Curbing organisational fraud requires a combination of awareness, education and enforcement, says Anna Collard, SVP of Content Strategy & Evangelist at KnowBe4 Africa
Marking International Fraud Awareness Week this week, Collard says: “Fraud is one of the most common causes of financial losses from organisations around the world, with an estimated 5% of annual revenues lost to fraud. And fraud is not limited to large enterprises: according to the Association of Certified Fraud Examiners (ACFE) 2020 Report to the Nations, certain fraud risks, including billing and payroll fraud and check and payment tampering, are more likely in small businesses than large organisations. Even non-profit organisations are susceptible to fraud, mostly due to corruption, billing and expense reimbursement fraud.”
To curb fraud, Collard believes it is important for organisations and their employees to be aware of the reasons people commit fraud, and the common red flags that should arouse suspicion.
“People commit fraud for a range of reasons – they may be under financial or personal pressure, feel a need to live the high life or perform better than their peers; and they may see an opportunity and rationalise their taking advantage of it by thinking they deserve to take something from the company, or that they intend to pay it back,” she says.

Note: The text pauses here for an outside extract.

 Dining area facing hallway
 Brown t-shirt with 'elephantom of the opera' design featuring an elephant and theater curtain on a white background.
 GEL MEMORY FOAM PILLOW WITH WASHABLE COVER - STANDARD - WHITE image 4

“There are common red flags that should alert companies and colleagues to take a closer look at the potential for fraud,” she says. “These include people going through a dramatic life event such as divorce or financial difficulties, or people suddenly living beyond their means. In fact, the ACFE report indicates that 42% of occupational fraudsters were living beyond their means, and 26% were experiencing financial difficulties.” Collard notes that other red flags include an unusually close association with a vendor or customer; unusual irritability or suspiciousness, an unwillingness to share their duties and a tendency to work late and never take leave.
Most of the occupational frauds are committed by people with the opportunity – those in operations, accounting, upper management, sales and customer service, and most of them are committed by people who have worked in an organisation from one to five years – long enough to have spotted weaknesses in the internal controls. Those who had worked at the organisation for at least six years caused twice the loss of less tenured employees, the ACFE report found. Sixty-four percent of occupational fraudsters had a university degree or higher, and most have no criminal history.
“To the untrained observer, a highly educated long-serving employee may seem to be the last person you’d expect to commit fraud; but this is not the case,” says Collard. This is why it is crucial that organisations implement fraud awareness and training programmes, and ensure that the appropriate reporting mechanisms are in place.”